ODI ET AMO
Incapace, mi ripeteva mio padre quando alle elementari sbagliavo i calcoli. Quelle parole si erano
attecchite dentro e ogni tanto ritornavano in mente.
Cominciavo a pensare di non essere adatto agli urti scombinati della mia vita. I miei amici mi
convinsero a viaggiare con loro. Cambiare cielo: cambiar animo.
Così a bordo di una nave da crociera, la vidi per la prima volta e mi avvicinai a lei. Era Agosto.
Avevo optato senza troppo entusiasmo per il nord dell’Europa. Avevo perso mia madre da circa
cinque mesi e mio padre da un anno. Avevo bisogno del meritato riposo, lontano da tutto e tutti.
Vedevo le famiglie immortalare con le foto i paesini che s’insinuavano nei fiordi, i colori nitidi del
cielo e dei boschi. Osservavo le vite degli altri dal ponte vicino la piscina.

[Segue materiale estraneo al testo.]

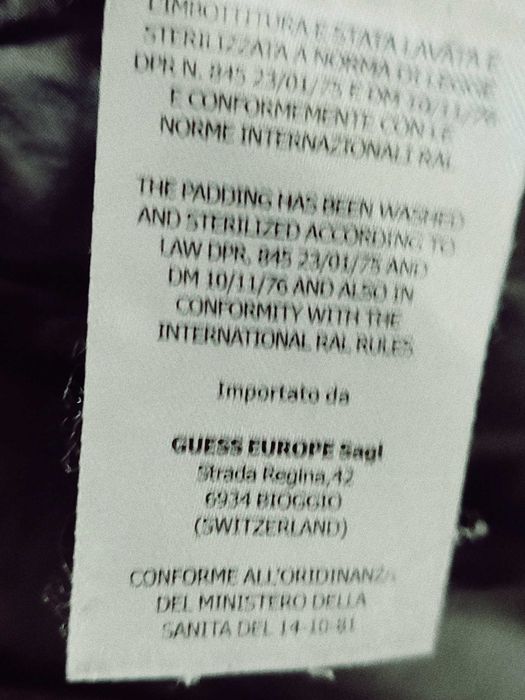 Дамско Пухено Яке Guess , M размер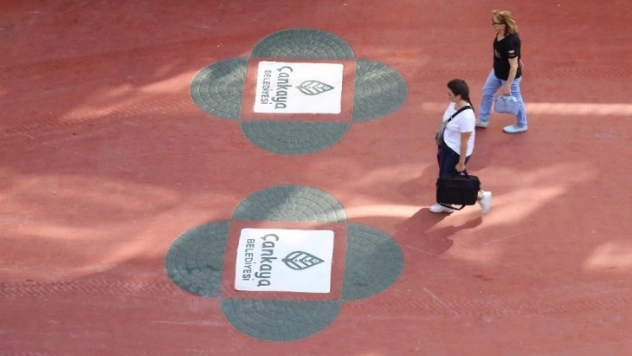 Çankaya'da asfalt çalışmaları tam gaz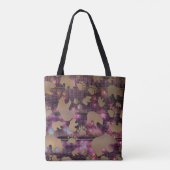 Beer Patroon Tote Bag (Achterkant)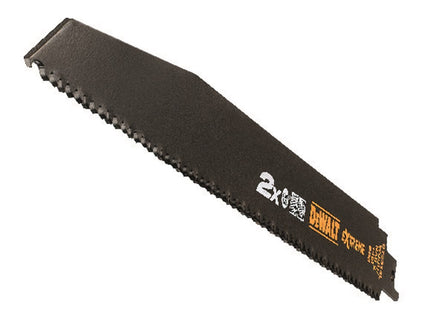 DeWALT Reciprozaagblad 2x bim DT2314L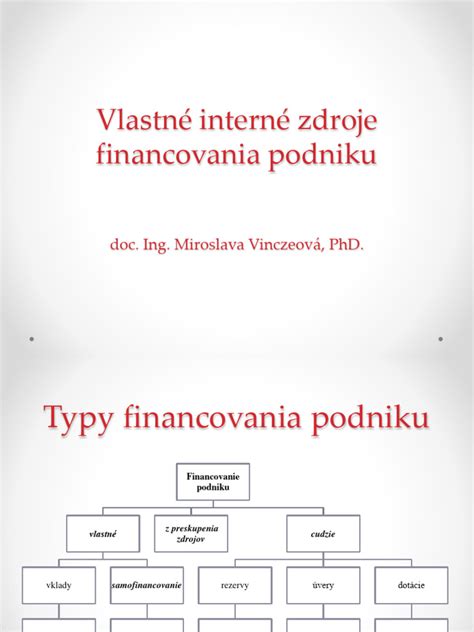 Zdroje financovania politických strán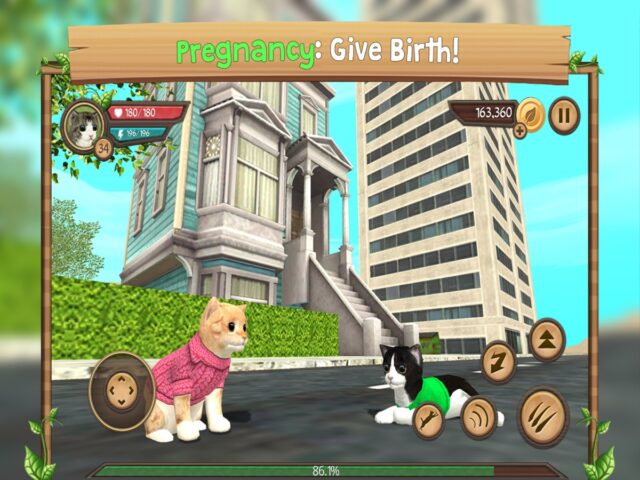 Cat Sim Online: Play With Cats لنظام iOS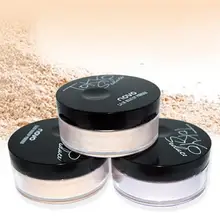 1 шт. минеральная кожа-дружественный макияж порошок контроль масла водонепроницаемый Осветление ЛИЦА матовая рассыпчатая пудра медовый порошок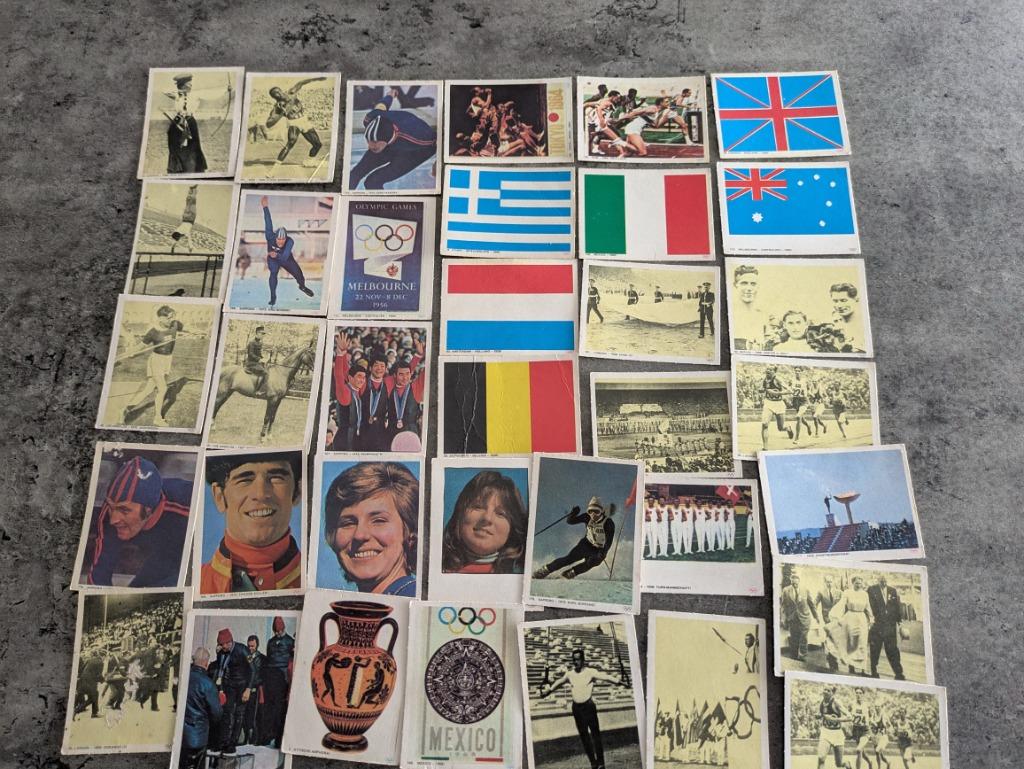 MONTY GUM PLAATJES KAARTEN ZELDZAAM OLYMPISCHE SPELEN 1972 M, Verzenden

Maledizione, mi resi conto di non avere più una famiglia, né di origine né tutta mia. Non ero stato
nemmeno in grado di tenermi stretta quella che avevo provato a crearmi sette anni prima. Avevo un
figlio di cinque anni, ma viveva con la mia ex moglie. Era lui il mio universo di pensieri e
attenzioni. Io ero il suo eroe nonostante i miei errori e fallimenti.
Dopo cena decisi così di assecondare gli amici ed entrai, quasi trascinato, in quella sala. Tra rumori
e musiche diverse, si muovevano uomini e donne elegantissime di ogni età.
Poi quasi defilata, in un angolo più buio la vidi. Si trovava insieme con altre, già tutte occupate. Lei
era sola e libera. Sembrava ci stesse attendendo. Una postazione con lo sgabello nero e lucido, un
monitor gigante e dei pulsanti tondi e variopinti pronti a brillare, se solo sfiorati. La prima volta, che
vidi una slot, decisi comunque di amarla da lontano. Fu Marco, il mio amico di sbornie e avventure,
a tentare la sorte, a toccarla, a spingere i suoi tasti, a percuoterla, a implorarla alla fine. La vittoria,
seppur fugace, giunse solo dopo una ventina di minuti.
Il tintinnio delle monete mi scosse la schiena con un brivido. In quell’istante non diedi peso alla
scena che avevo vissuto. Iniziai a ripensarci il mattino dopo, a colazione. Mi facevo grande con gli
altri, reputandomi più abile di Marco. Se solo ci avessi provato anch’io con quei tasti. Per tutto il
giorno il rimpianto mi perseguitò, fino al momento in cui potei rivederla e toccarla. Ritornai da lei,
ma questa volta da solo. Con una scusa mi sganciai dalla comitiva.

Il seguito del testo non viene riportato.